“Ars longa, vita brevis,”—life is short, art long—runs the ancient proverb. Ask artist Peter Smuts, whose show “The Human Pixel Project” is currently showing at Mather’s Three Columns Gallery, and he might tell you that life is pixelated, and art even more so.
Smuts has assembled eight color-themed panels out of hundreds of two-inch square tiles. Each tile, however, is a work of art in its own right. Smuts started the project by sending out blank tiles to artists around the country, asking simply for something creative and specifying only that the tile have a dominant color.
Each of these tiles, when returned to Smuts, creates a pixel in his larger work.
“The project is spreading virally,” says Smuts, who started advertising for artists on Craigslist. “Just last week, I sent 800 tiles to Serbia.”
So far, Smuts is seeing a 60 percent return rate on the 1000 tiles he ships each week.
Smuts’s work inherently deals with the picture elements of everyday life, from the pixels of a computer screen to the square blocks of a city’s layout. Painting itself relies on pixelization in the suspended dots of insoluble pigment that give each color its hue. Indeed, the rods and cones of our eyes actually pixelize our view of reality, though with very fine resolution.
Artists have long turned to pixels as a medium, from the stunning Roman, Byzantine and early Christian mosaics (think of “Alexander at Issus,” or Ravanna’s splendid ceilings), to the Impressionistic dabs of paint employed by Monet and the Pointillism of Seurat and Signac. Chuck Close became famous for his large-scale portraits, using a grid of abstract pixels to create the larger picture.
Smuts’s monochromatic panels recall all this, and also consciously take a jab at the monochromatic paintings of the early minimalists. For Smuts, each tessera is important in its individuality, and its contrast to the whole.
The time and care taken by the artists of each tile is evident.
Yet, “I don’t entirely understand the appeal of the project,” admits Smuts. “Why would someone spend hours and hours on this work, and then send it to me?” Smuts’s artists must sign away all rights to their work; there is no financial compensation, and little recognition.
Smuts recounts an anecdote relating to one set of tiles he received from a Chicago comic-book artist that seemed to get at the driving feeling behind participation in the project. The package containing the tiles was covered in comic panels (themselves pixels of a larger work), and the artist had included a copy of one of his self-published comic books. The title of the book was “Proof That I Exist.”
“That sums it up, for me,” says Smuts. “It’s the creative instinct, to be part of a community, to be part of an idea.”
Erin A. Straw ’07 was one of the dozen or so Harvard affiliates who submitted tiles to the project. “I wanted to be part of it because it was such a really interesting idea,” she explains, echoing what Smuts felt.
The project is also inspirational, according to Mather House resident tutor Amber J. Musser ’02, who helps run the Three Columns Gallery. “It’s very inspiring, the beauty and detail of each pixel. I think it’s a testament to the potentials of human creativity,” says Musser.

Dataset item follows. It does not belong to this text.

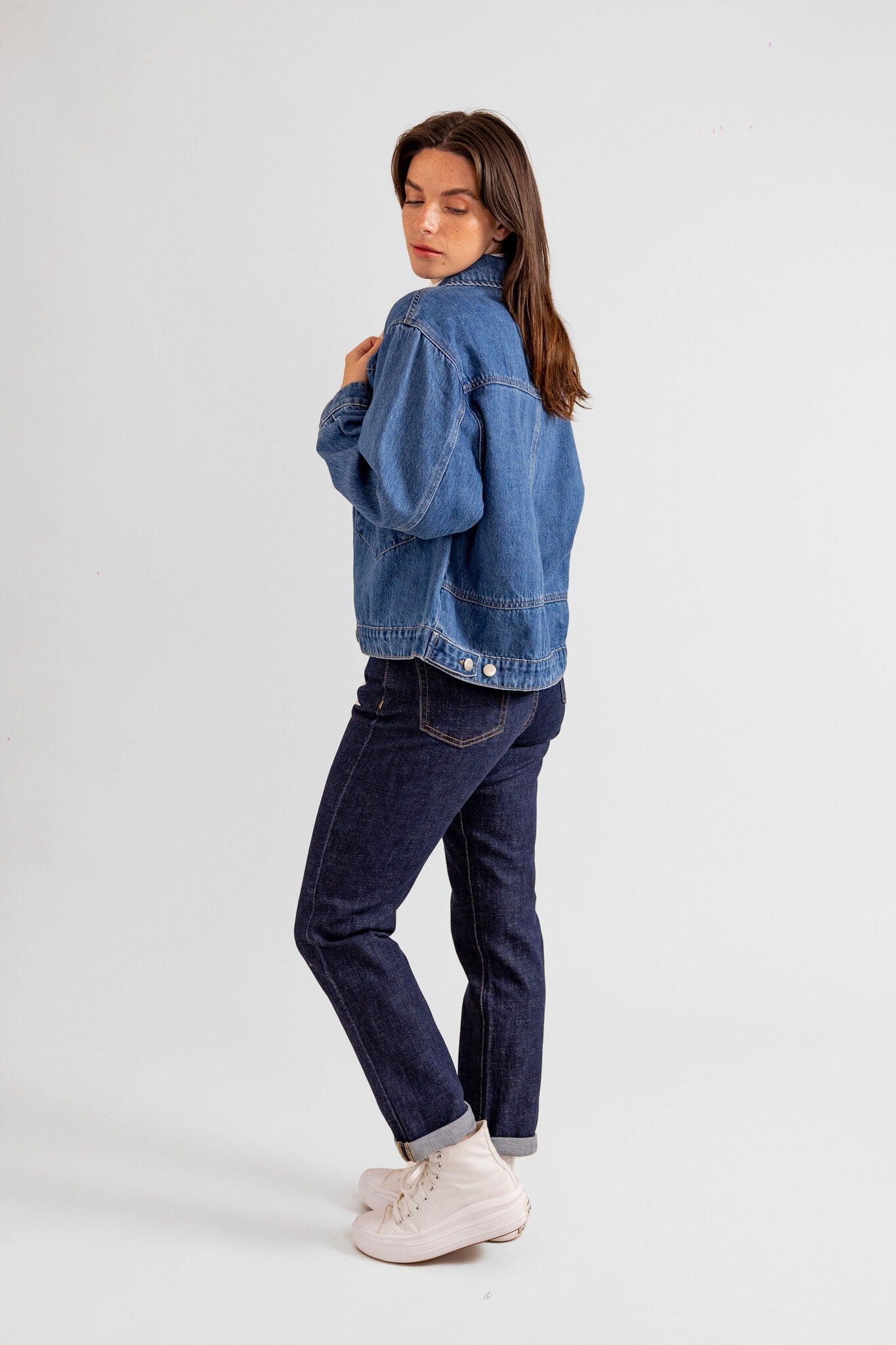 Veste oversize en jean stone VICKY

Smuts plans to create representational mosaics, with each tile a pixel in a larger image, for future exhibits of the show. The impressionistic tiles created with pixelated daubs of color by Barbra Carter (of Wayland, MA) will themselves become simply a colored pixel in a mosaic.
With the strange and uncanny serendipity that sometimes inhabits the world of art, just a short walk from Mather is another example of pixel art. On the Weeks Footbridge, an anonymous artist has attached framed two-inch square pixels at intervals on the columned railing. This art is not as secure as the Latin proverb implies; some of the tiles have been pried off and taken away. One image that stands out is the form of a hot-air balloon rising above a city’s ethereal skyline. It is as if with each pixel, the anonymous artist firmly states: “this is proof that I exist.”